Interesting legal take. Similar to "You have the right to search my house with a warrant... you don't have a warrant to make me tell you where the drugs are hidden." But it doesn't actually work that way.
Unfortunately, the courts have ruled that like a search warrant, if you have a key to the front door, you must hand that key over, and that such a key to the front door is not self-incrimination.
I certainly get the arguments here about privacy and security, but for all the chest beating, that's NOT how the law actually works. In the case where the subject of a warrant is alive, you can and will sit in jail until you rot until you unlock that laptop.
The problem here is that while courts come down on some basic rights WITHOUT a warrant, courts have consistently said that WITH a warrant, the police (but really the court by extension) can do whatever the hell they please. So long as there is a warrant.
And the reason courts will say this, and continue to beat anyone over the head who disagrees is that courts actually have relatively little power. Besides contempt charges, the warrant is an extension of the court's power to not only control police, but to control and enforce the law on citizens.

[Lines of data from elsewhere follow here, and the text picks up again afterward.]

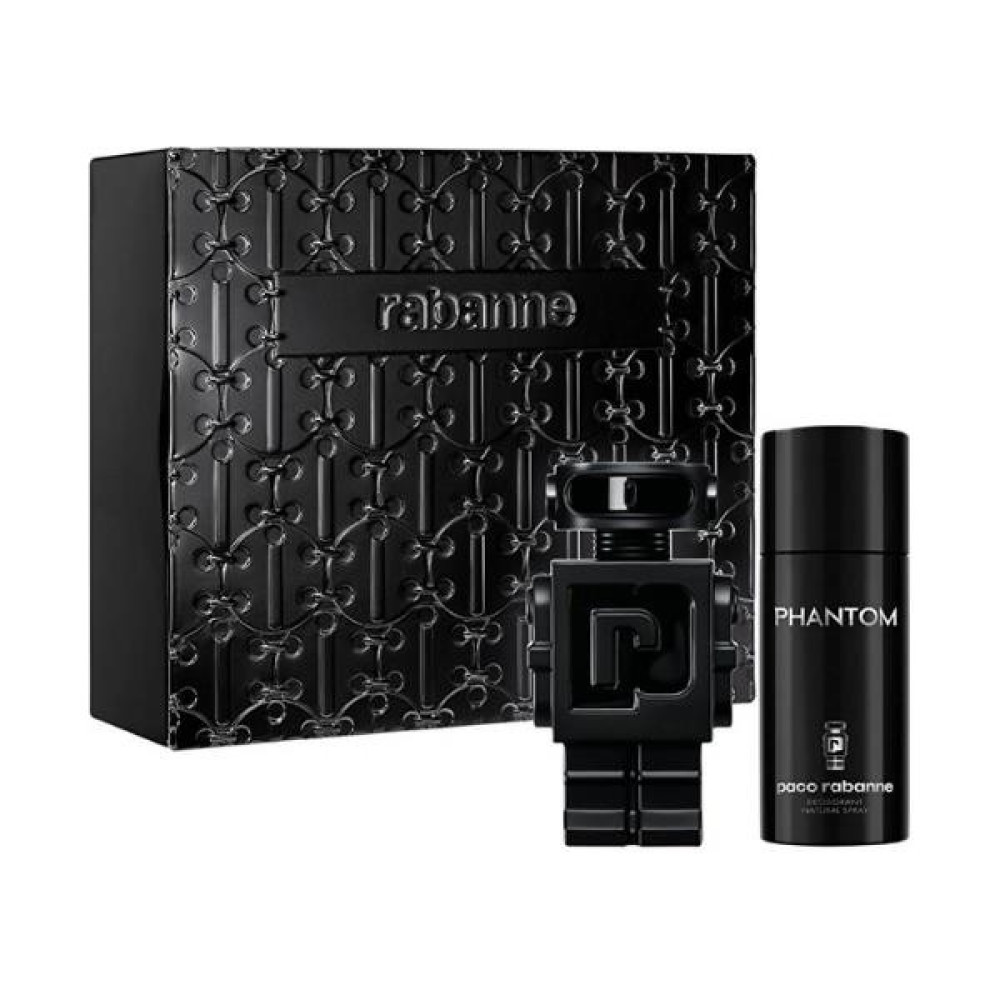 Paco Rabanne Phantom Parfum 100 Ml + Deo 150 Ml Erkek Parfüm Seti Erkek Parfümleri Fiyatı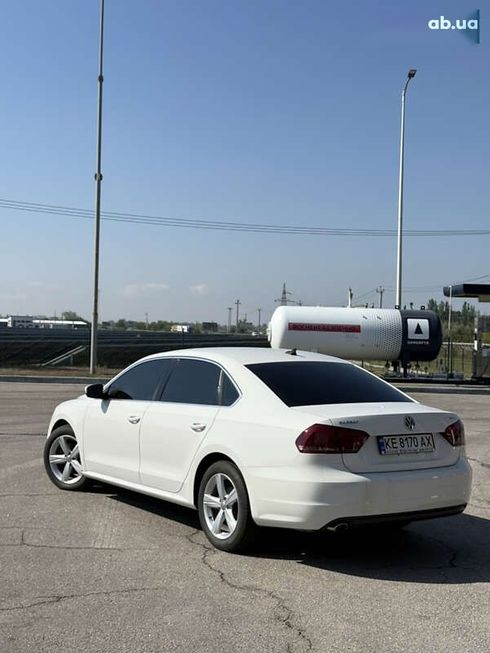 Volkswagen Passat 2014 - фото 4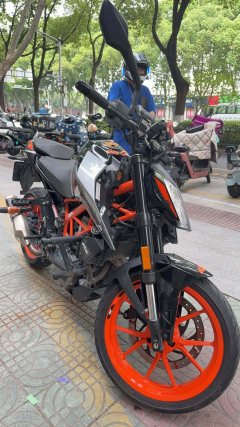 KTMR2R 390 Duke 400 cc - фото 5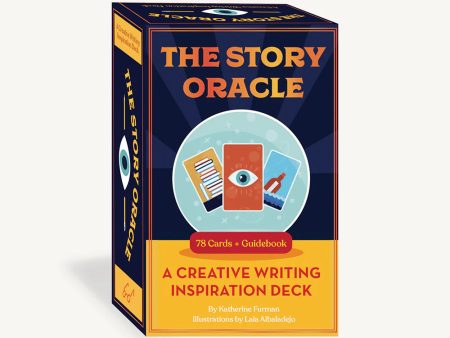 The Story Oracle - Korttipakka Online Sale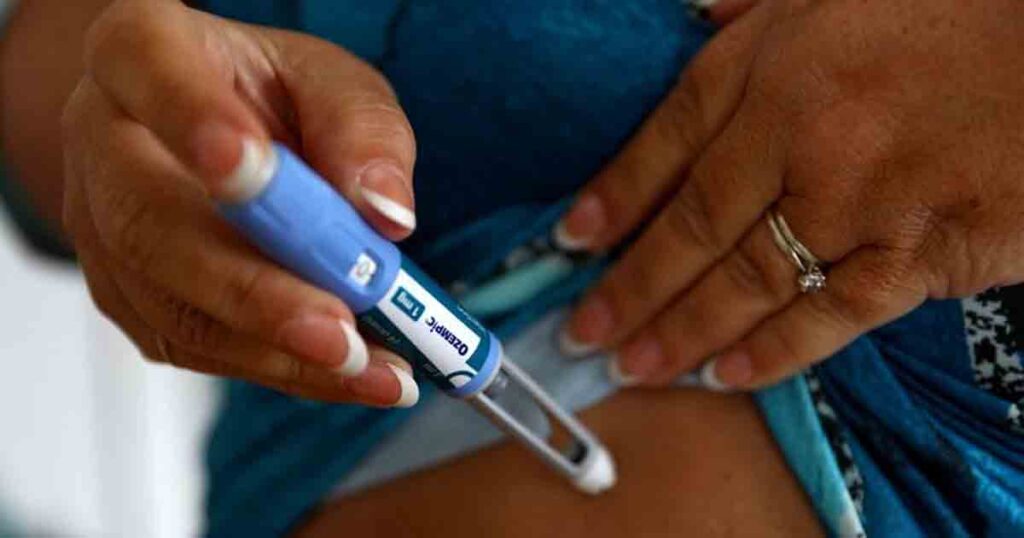 Doctor explains how Ozempic might lead to weight gain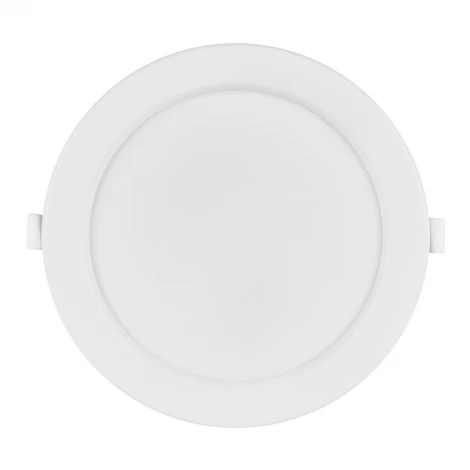 Светодиодный светильник встраиваемый 18Вт 6500К IP40 Wolta DLUS-18W-6K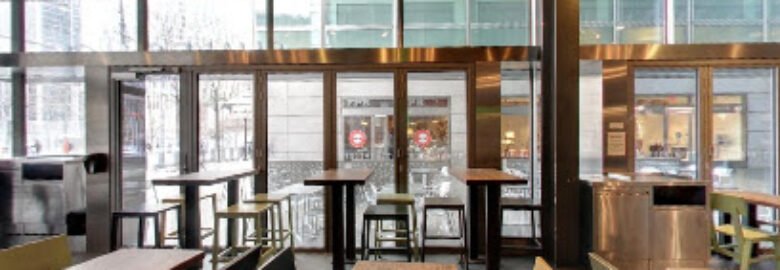 Shake Shack Battery Park City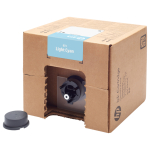 HP 873 - 3 L - hell Cyan - original - Latex - Tintenpatrone - fr Latex 800, 800 W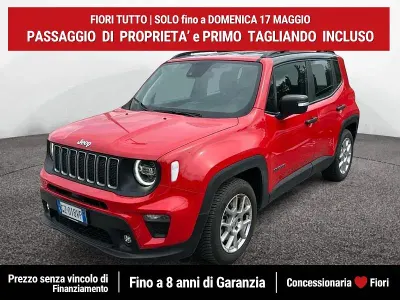 Usata Jeep Renegade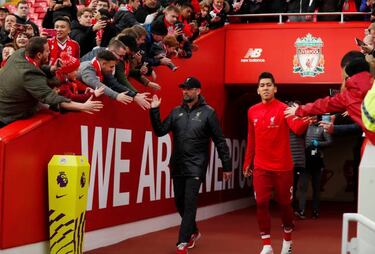 Klopp gives Liverpool title edge over Guardiola's City – Van Gaal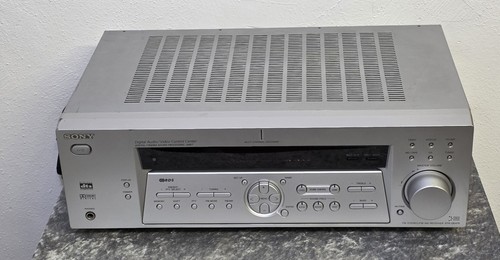 Sony str de475 silber hifi - sony,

The moment you think you're going to tell any court that they can't do what they want with a warrant, thereby asking them to reduce their own power even further, you've lost your ever loving mind.
This is why things like the All Writs Act matter so much to courts. As the arguably weakest branch, they are going to defend the use of their tools most of all.
And all the brash /. comments in the world won't get you out of prison short of a presidential pardon. Just ask Joe Arpaio about that. And the public jumped all over that because even the public generally sides with NOT removing power from courts.
And forget arguments against FISA. For all the correct arguments about a rubber stamp, the fact that they even bothered to include a court makes the courts themselves tickled pink.
Legislatures can cut funding. Executive branches have guns, bullets, and bombs. Courts only have "Please do what we say... pretty please?"